Instinto ganador

Por Bernardo Tobar
Quito, Ecuador

Si alguna expresión es de auténtica felicidad, de alborozo, de satisfacción plena, es la que se pinta en el rostro de los deportistas olímpicos que alcanzan el primer lugar. La reacción natural de quien se impone sobre sus competidores, es similar no obstante las diferencias de cultura, raza, jerarquía social o económica; la posesión del éxito, el logro de los objetivos, la sed de conquista, especialmente cuando se mide con el infalible baremo de la competencia, produce en todas las personas el mismo sentimiento extremo de bienestar. Y constatarlo una vez más en las imágenes que nos llegaron de los recientes Juegos Olímpicos nos recuerda uno de los motores más potentes de la Humanidad: el afán de superación individual.

Eso que llamamos espíritu deportivo tiene también de compañerismo, juego limpio, códigos de camaradería, de ayuda mutua, de solidaridad si se quiere, hasta que llega la hora de probar quién es quien, pues en el podio de la gloria no caben dos, no hay más que una medalla de oro. No hay igualdad posible, que no sea pararse sobre la misma línea hasta que suene el pitazo de arranque. Ser bueno no basta, y al que le basta, la competencia le incomoda, pues medirse frente a otros es, en esencia, la manera más incontrastable de obtener una nota objetiva sobre el propio desempeño, nota sobre sí mismo que la mayoría prefiere no conocer. Pocos toman el riesgo de quedar eventualmente últimos a cambio de darse la oportunidad de llegar primeros, porque el miedo es la otra fuerza más intensa, aunque paralizante.
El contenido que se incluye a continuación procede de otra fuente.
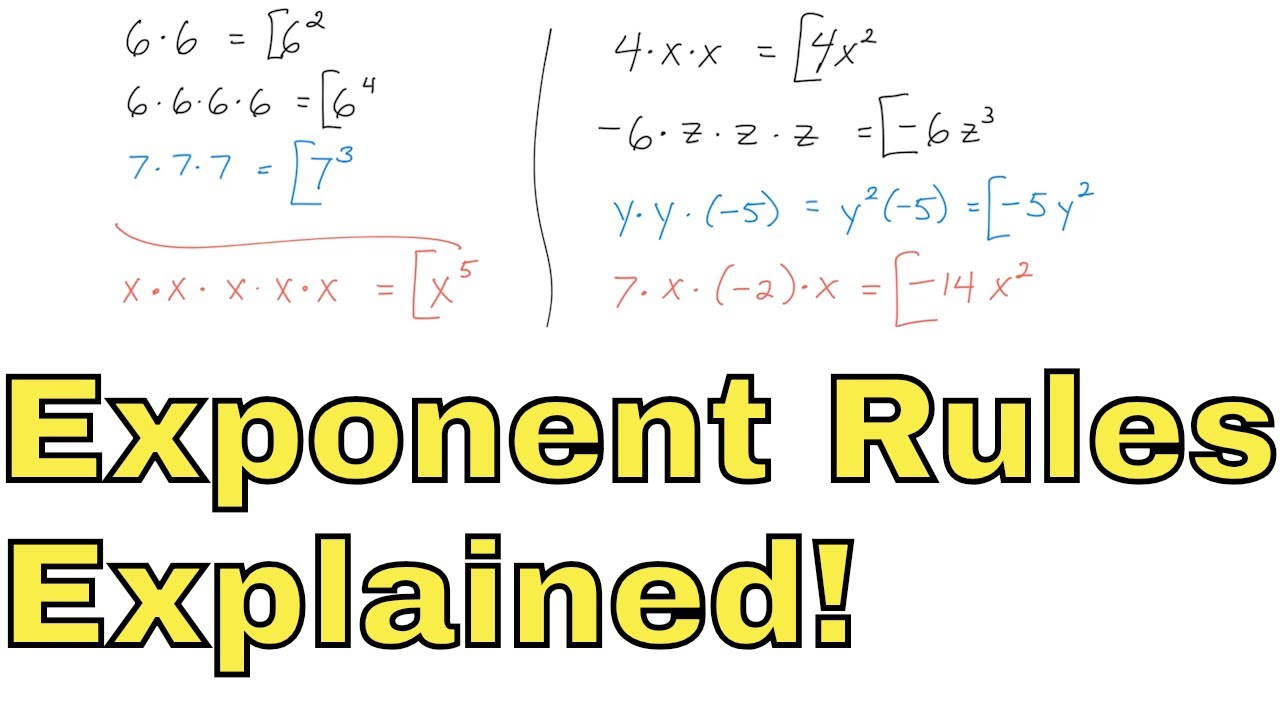 Exponents and Exponent Rules | Mathematics - Quizizz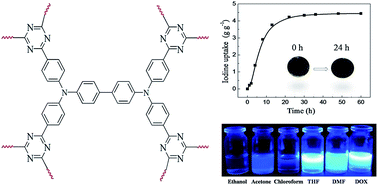 Graphical abstract: A nitrogen-rich fluorescent conjugated microporous polymer with triazine and triphenylamine units for high iodine capture and nitro aromatic compound detection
 La competencia deportiva es la forma más inocente, socialmente más inocua, incluso celebrada, de dar rienda suelta al nervio más definitorio de la condición humana: el instinto de ganar, objeto de tanta cortapisa y mala prensa cuanto se trata de proyectos empresariales. Ganar millones pateando la pelota es símbolo de superación, de genialidad; hacerlo liderando un proyecto empresarial,  Los deportistas de élite -aquí se puede hablar de jerarquías sin herir demasiadas susceptibilidades- saben que el triunfo depende de sí mismos, que no hay más límite que el grado de su preparación, ambición y confianza, que no son aceptables las justificaciones y pretextos tan manidos en otros ámbitos, como echarle la culpa al clima,  las limitaciones familiares, las mafias -que pululan en el deporte tanto como en cualquier otro lado- las políticas públicas, los jefes, el yugo colonial, o simplemente el azar, cuando ya se agotan las excusas.
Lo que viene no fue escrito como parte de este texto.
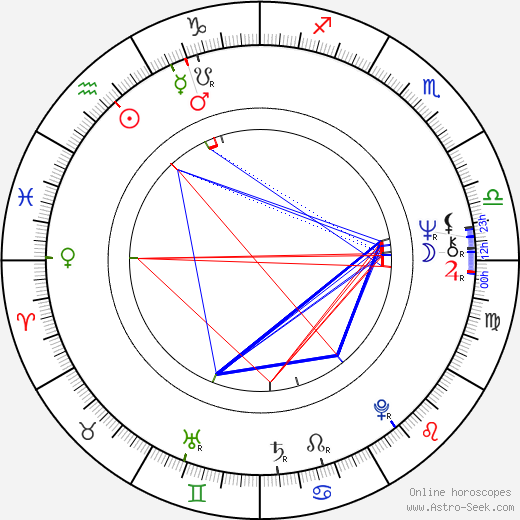 Howard Rosenman birth chart, Howard Rosenman astro natal horoscope, astrology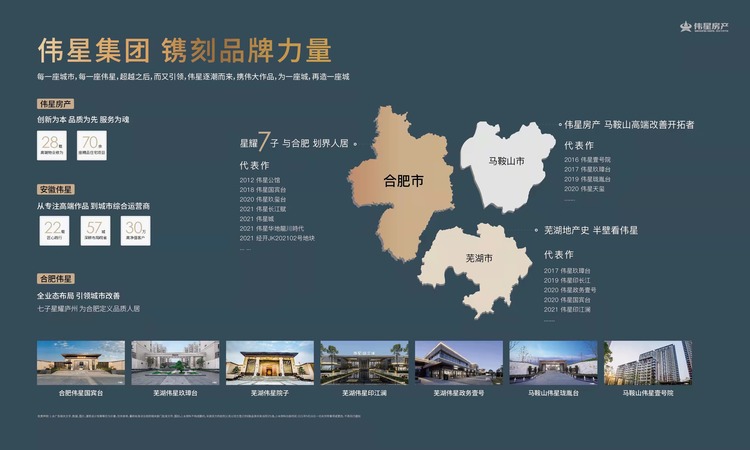 伟星城楼盘证照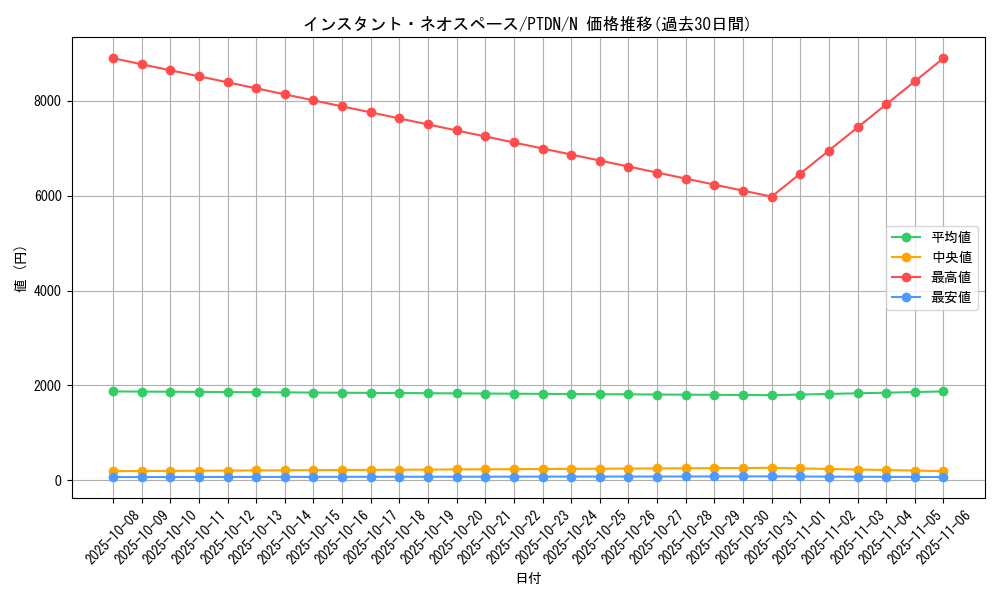 card_10562_series_24638_rarity_1_graph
 Resulta ilustrativo que sea justamente en las Olimpiadas, donde los valores máximos son el mérito de cada atleta, de cada equipo, el esfuerzo, el resultado, el éxito, la superación de los demás, donde la igualdad no se premia y es apenas una plataforma de inicio mas no un límite, donde las élites se emulan y los mediocres se olvidan, donde todo se ordena en función de los ganadores y se penaliza el miedo, que los habitantes de los cuatro puntos cardinales, de todas las religiones, marcados por distintas culturas, se dan el abrazo más fraternal que conozca la era posmoderna. ¿Qué lecciones nos dejan estas justas deportivas? ¿Acaso, cuando pensamos en el tipo de sociedad que queremos, construimos propuestas cimentadas sobre esta vocación innata de la persona? ¿Estamos concentrados en concebir cómo estimulamos y facilitamos el espíritu de competencia, el instinto ganador o más bien nos preocupamos en controlar la iniciativa, en reducir sus horizontes?

 Miedo, poderoso freno que nutre una cultura de limitaciones, y las correlativas ideologías del subdesarrollo; instinto ganador, energía vital que extrae lo mejor de cada persona. He ahí las opciones. Si trasladáramos los valores olímpicos a todos los ámbitos de la cultura, tendríamos sociedades más exitosas.